Created on 2020-09-15 by the reprex package (v0.3.0)

mdietze commented 4 years ago

looks good to me. I think we'd just want a concrete list of the allowable variable_types. I think I'd add: driver, parameter, random_effect, observation, observation_error, process_error (obviously we'd update this list if we update the uncertainty list), and diagnostic (since @rqthomas mentioned this was useful in his files). Two (related) questions I'd have:

rqthomas commented 4 years ago

One case to consider is a flux (so it isn't a state) that is assimilated (so it isn't a diagnostic). This would fall through the classification cracks. Also, is there an easier regex to parse. I just use a colon ":" to separate the variable_type from the actual long name. However, what you present is cleaner to read and if the average user isn't going to have to right complex regex statements then I am fine with your proposal.

ashiklom commented 3 years ago

I think we'd just want a concrete list of the allowable variable_types.

Yup, this can be implemented as a factor, and we can throw errors if the result has any NAs.

do we need to have an initial_condition type and a statevariable type or are they always one and the same?

I'm inclined to think they're the same, but I'm open to counterexamples.

Is it possible for a single variable to have more than one type?

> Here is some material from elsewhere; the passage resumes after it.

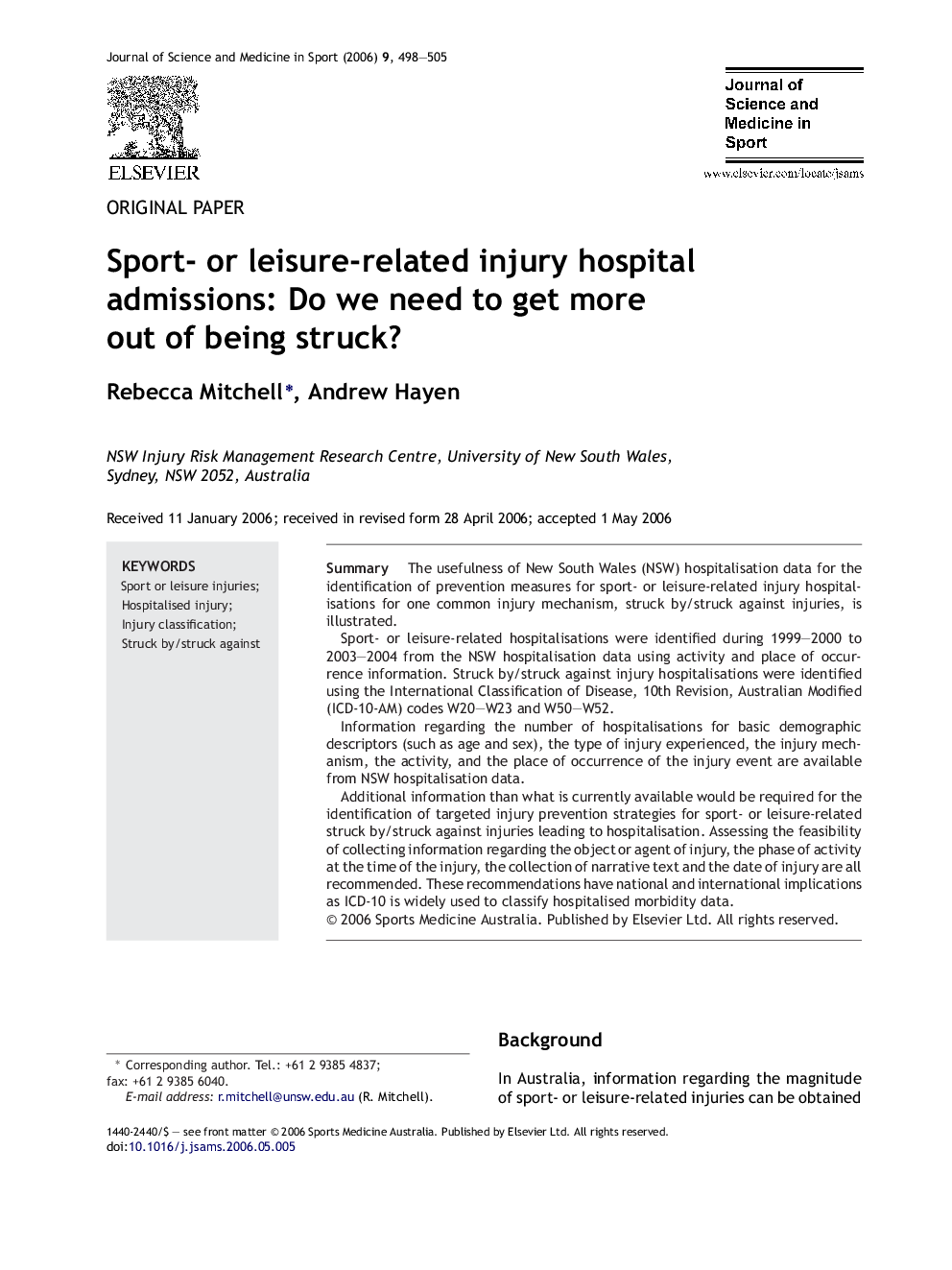 Sport- or leisure-related injury hospital admissions: Do we need to get more out of being struck?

I think we should define our types to avoid this if at all possible (i.e., if this is possible, then we haven't defined our types well). From an implementation standpoint, there's no reason we couldn't implement multiple types with either [type1][type2]{description} or [type1|type2]{description} (or similar), but everything is simpler (conceptually and for implementation) if a variable can only have one type.

One case to consider is a flux (so it isn't a state) that is assimilated (so it isn't a diagnostic)

Even though it breaks ontogenies, I'd probably be OK calling that a "state".

Also, is there an easier regex to parse.

I picked this regex specifically for its parseability. As long as we define just a few simple rules— the [type] has to come first, no [] characters inside the type, and no characters after the description, the following should be pretty robust to just about any input. Note that the ? in the first .*? specifies a non-greedy regex, so it will find the shortest string before a ] (rather than the default, which is greedy and will find the longest match; that could slurp up [] in the description). I also added a few * to make this robust to whitespace.

"^ *\\[(.*?)\\] *\\{(.*)\\} *$"

if the average user isn't going to have to right complex regex statements

Yeah, definitely not. The regex will be hard-coded in a parse_variable() or similar function in this package or elsewhere.